Akademik Veri Yönetim Sistemi
JOURNAL OF BUON, sa.5, ss.1278-1286, 2017 (SCI-Expanded)
Purpose: Oral lichen planus (OLP) is an autoimmune skin and mucosal disorder. The range of malignant transformation in OLP varies between 0.1-3%. p53 is a tumor suppressor protein. Defective p53 could allow abnormal cells to proliferate, resulting in cancer. p53 plays an important role in cell cycle control and apoptosis and loss of p53 function has been demonstrated in about half of all human cancers. The purpose of the study was to investigate the malignant potential of OLP on the basis of p53 expression and to correlate p53 expression with clinical and histopathological features of OLP. Methods: 40 patients with OLP underwent biopsy.

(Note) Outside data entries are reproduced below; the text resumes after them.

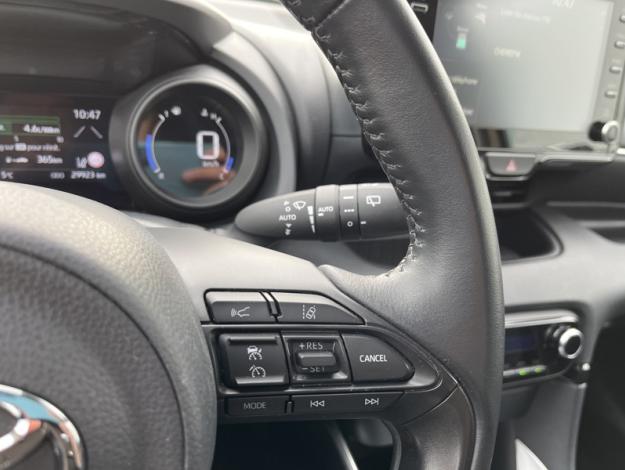 TOYOTA Yaris Hybride 116h Design  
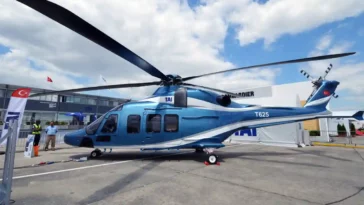 المروحية التركية المحلية الصنع من طراز GÖKBEY تحلق لأول مرة بأول محرك هليكوبتر تركي (فيديو)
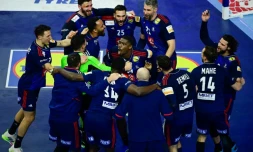 La joie des Français champions d'Europe de handball, vainqueurs du Danemark en finale, le 28 janvier 2024 à Cologne
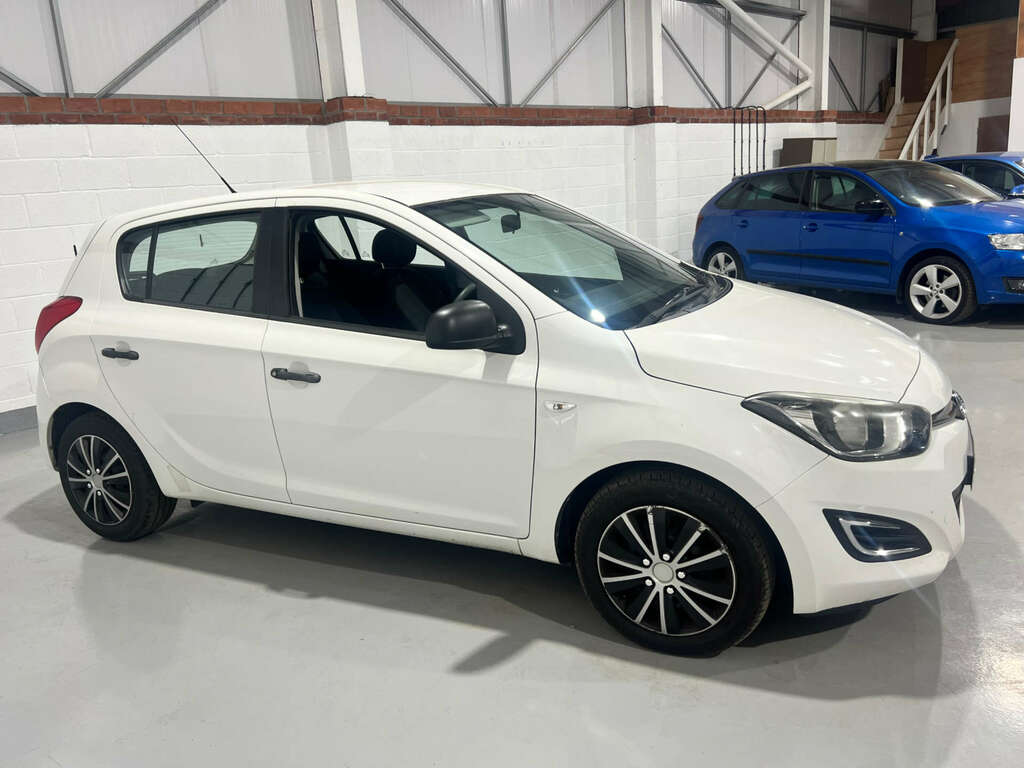 Hyundai I20 1.1 I20 Classic Crdi White #2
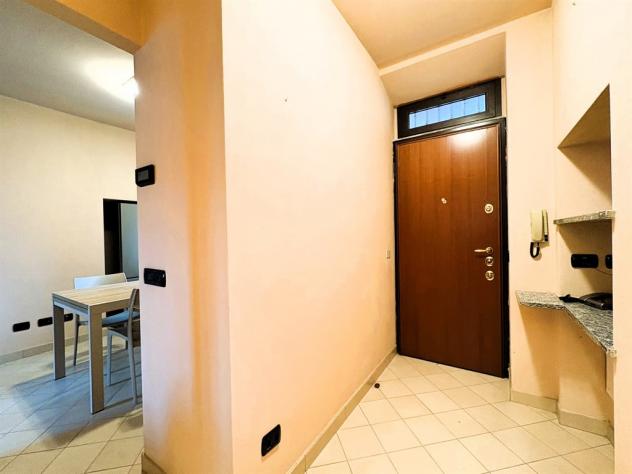 ORNAGO MONOLOCALE ARREDATO IN CONTESTO DI CORTE CON INGRESSO INDIPENDENTE - Foto 8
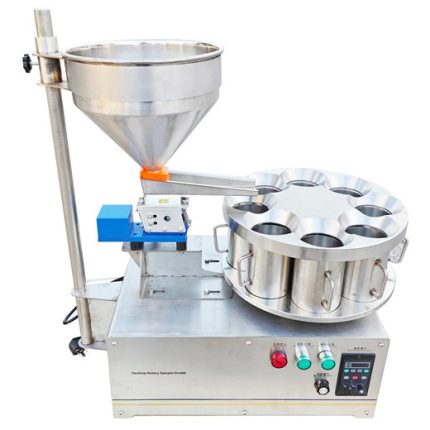 paraugu sadalītājs uz galda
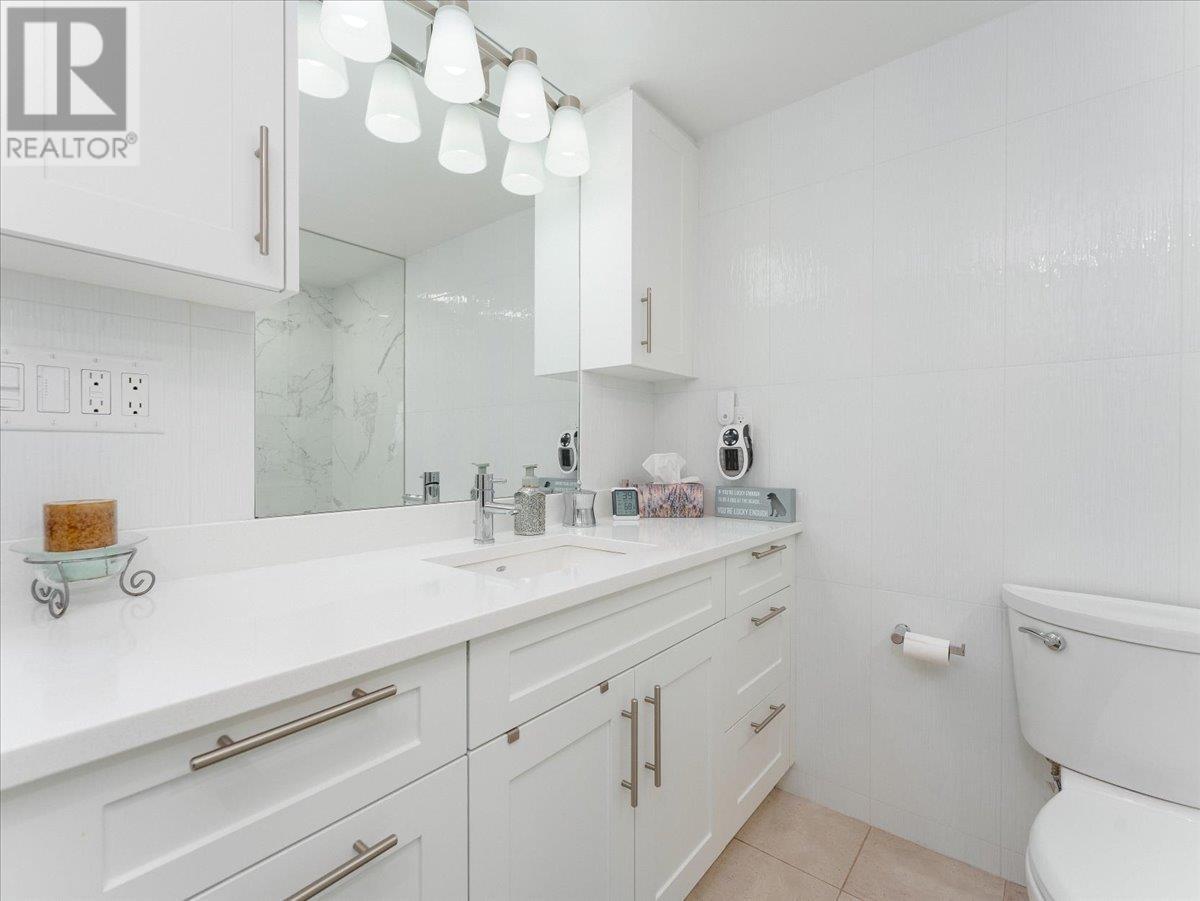 












12C 328 TAYLOR WAY

,
West Vancouver,




British Columbia
V7T2Y4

All tissue samples were treated immunohistochemicaly using avidin-biotin peroxidase complex method. Results: In 80% of OLP specimens the nuclei of basal and parabasal keratinocytes were p53-positive, but in low numbers. Low percentage of p53-positive cells in older and medium percentage of p53-positive cells in younger group of OLP patients were noted. Higher intensity of p53 stained keratinocytes, no matter their low number, could represent mutant and more stable form of p53 protein, and at the same time signal for monitoring of disease due to potential malignant transformation. Low percentage and weak intensity of p53-positive cells was detected mostly in OLP specimens with highly expressed civatte bodies (CB). Upregulation of apoptosis didn't correspond with the expression of CB. Conclusion: We believe that low percentage of p53-positive and well-marked keratinocytes in OLP represent the influence of mutant p53 protein, and that increasing expression of this protein could serve as a valuable diagnostic sign of early carcinogenesis. According to our results intensity of p53 coloration of keratinocytes could help assessing the malignant potential of OLP.